BEGIN
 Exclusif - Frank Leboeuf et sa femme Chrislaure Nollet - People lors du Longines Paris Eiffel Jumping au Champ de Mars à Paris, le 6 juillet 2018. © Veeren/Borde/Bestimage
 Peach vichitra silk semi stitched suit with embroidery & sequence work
END
BEGIN
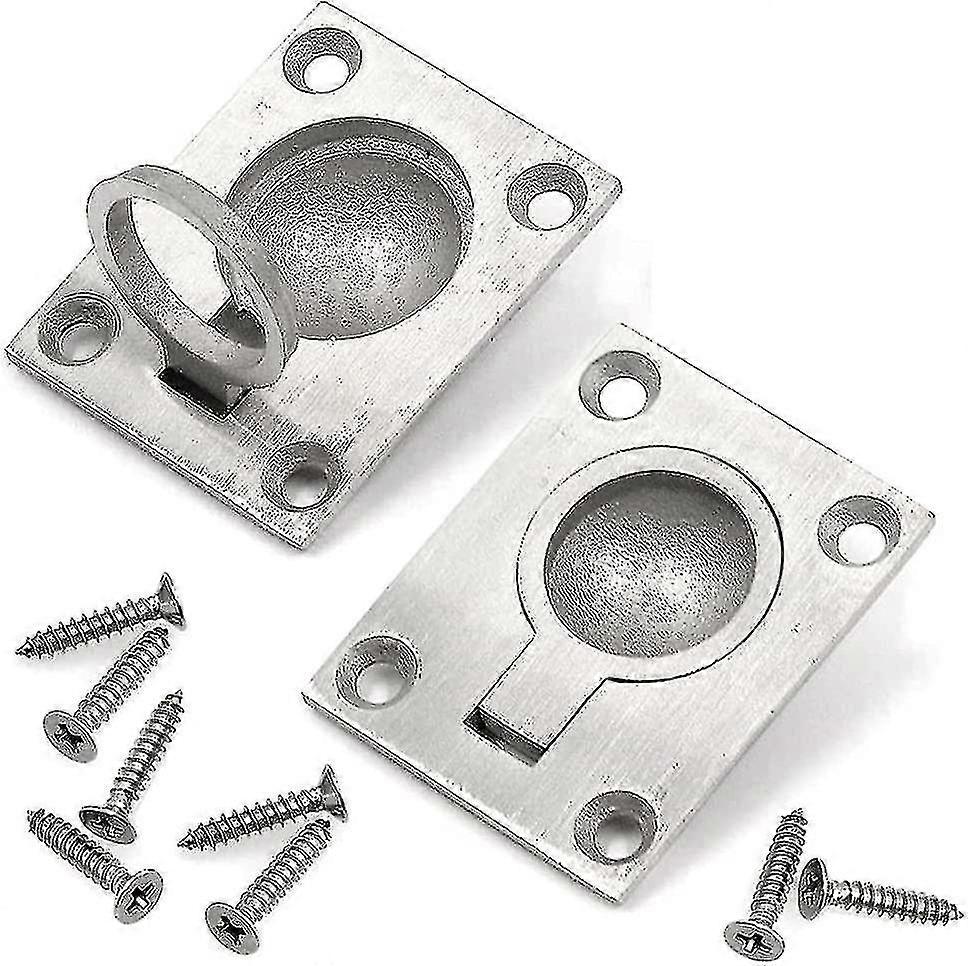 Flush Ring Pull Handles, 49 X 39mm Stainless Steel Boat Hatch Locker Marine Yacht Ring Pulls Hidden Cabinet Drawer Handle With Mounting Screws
END
BEGIN
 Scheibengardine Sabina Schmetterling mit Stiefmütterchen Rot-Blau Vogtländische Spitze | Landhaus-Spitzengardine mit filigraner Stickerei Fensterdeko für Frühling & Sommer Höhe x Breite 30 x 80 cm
END
Task instructions:
Reproduce exactly, and with no other material, the lines between those holding "Exclusif - Frank" and "Peach vichitra silk", inclusive.

Response to the task:
 Exclusif - Frank Leboeuf et sa femme Chrislaure Nollet - People lors du Longines Paris Eiffel Jumping au Champ de Mars à Paris, le 6 juillet 2018. © Veeren/Borde/Bestimage
 Peach vichitra silk semi stitched suit with embroidery & sequence work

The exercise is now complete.